Of course the paid on average $5000 less is an easily modifiable number based upon how you adjust the membership of your entirely female subset. In reality the number has almost certainly been plucked out of the thin air and is unchallengeable given the weasel word some in the sentence.

Anyway the statement has this
The Commission has committed to the following:
  • to monitor and report on the new Top 20 equality at work indicators

  • to promote the Pay Equality Bill with politicians, employer organisations and trade unions

  • to advocate for the new Equality at work framework with unions and community groups

  • To continue efforts to eliminate discrimination and barriers to work for disadvantaged groups.

So how are we doing in the public service on these matters. It just so happens I have the State Services Commission Public Service Trend Report 2010. Very interesting. Of course the Public Service is very interested in EEO and break things down according to identity politics best practice.

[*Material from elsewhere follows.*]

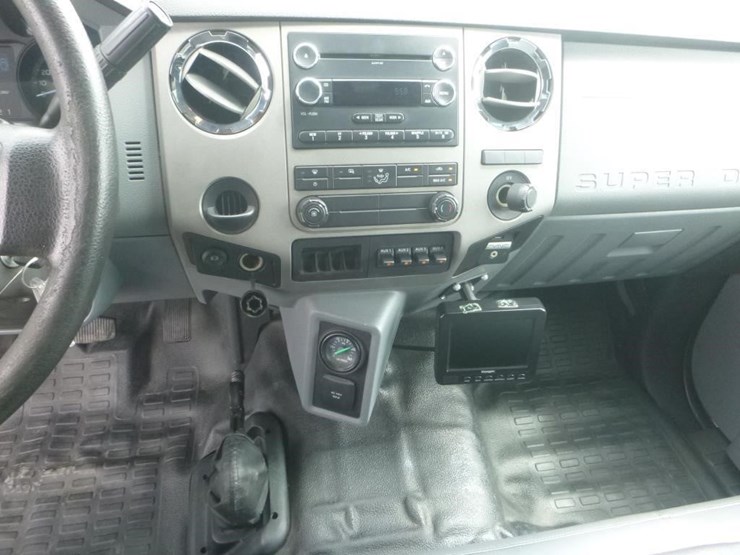 2016-ford-f650-xlt-image-15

So we can look up the average female and male salaries and be told quite plainly that they are $59,522 and $69,544 respectively or that the average female salary is just 85.6% of the average male salary.

Clear cut - no?

Well no actually.

See there is a gender imbalance in the Public Service, there are more females than males on the public payroll.

And my friends it turns out that if you look across age groups that this imbalance is far more marked amongst the younger and hence less well remunerated employees.So while 59% of those on the public payroll are female, this percentage increases for those under thirty to 67%. Or if you prefer in this age group there two females for every male, which of course will have the effect of reducing the "average" female salary.

So what is the truth about the gender gap? Well sadly in trying to determine this you will always end up comparing "apples with oranges" there is no meaningful answer in my opinion.

But I think we can safely assume that EEO Commissioner Dr Judy McGregor of Human Rights commission is far better remunerated than the vast majority of her fellow citizens be they male or female.

Surely this press release is nothing more than political activism funded from the public purse.

1 comment(s):

maxx said...

If an employer hires four workers at the same level to carry out the same job and the output of one is 50% greater than the others, how do you reward the outstanding individual if all the salaries must be equal?

It's not equal work for equal pay that is being discussed, it's equal positions for equal pay which brings public service style problems where pay increases are based on time served and qualifications not ability.

In other words a typical marxist agenda brings the usual result of dragging everyone down to the lowest common denominator as ability can't be rewarded.